The parking lot isn't good enough; Earl's truck with its new dents and broken headlights feels like a witness. A sidewalk runs around the side of the main hospital building, and Dean follows it back to a small patio littered with cigarette butts, midday sun beating off the cement.

"Crazy," Dean says hoarsely, speaking for the world, and then Sam grabs his shoulder and turns him around, both hands hot on Dean's face as Sam's mouth fits against his, and it's a kiss, they're kissing right now.

Dean makes a falling sound in the back of his throat, his stomach curling and shivery heat running across his skin. Sam licks against his lips, presses in and open and kisses him deeply, slick tongue moving with Dean's own, hard fingers cupped around the back of his head.

And too much time goes by, lost to the moment. They break apart gasping, clutching at each other's collars.

Dean would like to just kind of gape and stare at his brother for a minute, try to process this is in some reasonable fashion, but Sam always ruins everything, and he derails Dean's train of thought with a sudden giddy grin.

"I told you," Sam says, gleeful. His hand rasps against the side of Dean's neck. "I totally knew this was gonna happen."

"You knew jack," Dean replies, automatic. He's staring directly at Sam's mouth. "Most ridiculous shit you've ever fuckin' pulled-"

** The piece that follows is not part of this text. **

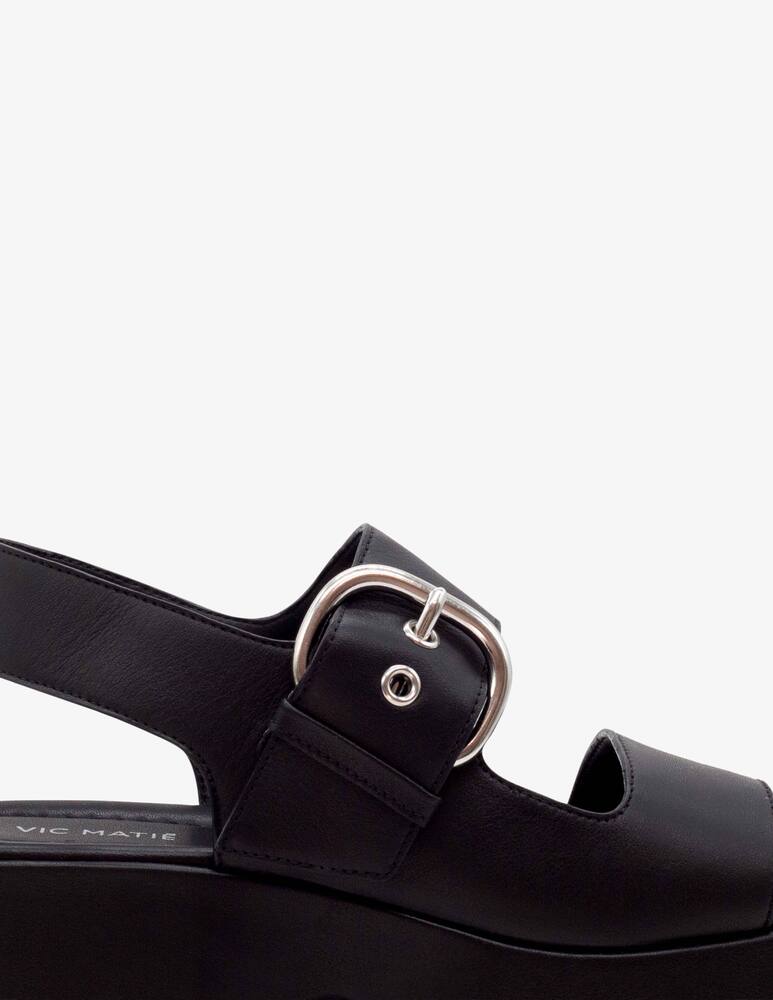 rinascente Vic Matié Sandali travel 2 fasce con cinturino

and Sam kisses him again. And Dean lets him, tips his chin and parts his lips and lets Sam press them together and slide a leg between his, bend his neck back. Wild drunk feeling, and pain everywhere, his snake-bit shoulder like hot lead under his skin, his bad ankle wobbling beneath him. His head is fucking killing him. None of that is going to make him stop, nothing.

Dean has most of his weight resting on his brother. Sam pulls away from his mouth, panting, and drops his face into the hollow of Dean's throat. Scalding breath, teeth and tongue in rough reminder, and Dean sucks in air through his teeth, gripping a hand in Sam's hair.

"Jesus Christ," Dean says to the incredibly blue sky.

"I know," mumbled, and Sam kisses Dean hard just under the shelf of his jaw, lifts his head. "You can see how it's been distracting."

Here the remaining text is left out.